There are a variety of fraud prevention tools available to enterprise level businesses. Each enterprise must evaluate their own processes and undergo serious vetting when it comes to finding fraud prevention solutions that work for their specific circumstances. Automated fraud prevention tools are a good solution for businesses. To evaluate whether or not an automated system is needed for your business, here are some pros and cons of automated systems that can prevent, detect and stop fraud.
The Advantages and Disadvantages of Automated Systems
Continuously working systems that evolve as new data is collected and act without the need for human instruction are an appealing solution for businesses looking to prevent data breaches and fraud. While automation can be extremely efficient with time, taking away manual oversight in fraud detection processes may be difficult. Automated systems usually require very specific and rigid parameters. These parameters may miss specialized types of fraud that are harder to detect. However, automated systems with machine-learning capabilities can grow and adjust as new data becomes available. Automated systems can detect fraud using known and evolving patterns in data.

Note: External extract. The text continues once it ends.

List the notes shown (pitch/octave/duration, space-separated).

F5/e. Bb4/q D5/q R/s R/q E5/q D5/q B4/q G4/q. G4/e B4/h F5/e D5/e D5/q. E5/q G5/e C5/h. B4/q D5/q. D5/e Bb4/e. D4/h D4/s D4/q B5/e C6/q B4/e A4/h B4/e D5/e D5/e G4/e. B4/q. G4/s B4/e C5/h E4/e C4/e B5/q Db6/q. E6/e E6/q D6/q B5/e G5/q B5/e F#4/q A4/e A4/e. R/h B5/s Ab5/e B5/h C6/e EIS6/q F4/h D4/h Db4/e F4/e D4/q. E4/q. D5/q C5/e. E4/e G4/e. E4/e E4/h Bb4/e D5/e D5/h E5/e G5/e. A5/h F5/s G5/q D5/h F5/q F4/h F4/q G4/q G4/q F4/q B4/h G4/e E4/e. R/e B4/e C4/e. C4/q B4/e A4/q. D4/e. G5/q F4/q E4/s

The Role of Machine Learning
Machine learning plays a big role in running automated detection systems for fraud management. Machine learning platforms can learn to adjust calculations and behaviors dynamically based on the input. This means that machine learning platforms are able to keep up with new threats when they emerge and follow existing threats while they evolve and become less predictable. When fraudulent activity is based on conditional statements, expressions and constructs that are based on if-then statements, machine learning can learn and grow with every unique variable.

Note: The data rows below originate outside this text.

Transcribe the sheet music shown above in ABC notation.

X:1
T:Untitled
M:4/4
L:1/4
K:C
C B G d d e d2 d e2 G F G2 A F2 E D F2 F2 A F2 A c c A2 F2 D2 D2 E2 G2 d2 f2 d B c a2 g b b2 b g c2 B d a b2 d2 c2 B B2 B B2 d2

Sophisticated Monitoring for Enterprises at Every Level
While giant corporations like PayPal are already taking advantage of machine learning to fight fraud, this technology is not restricted to high-profile enterprises. Small businesses can take advantage of the benefits of machine learning by utilizing third-party systems to enjoy sophisticated fraud prevention. Payroll fraud, cash theft, false invoicing and external breaches are all some of the common threats faced by small businesses. An automated detection system is one of the key ways to stay ahead of both common and sophisticated threats.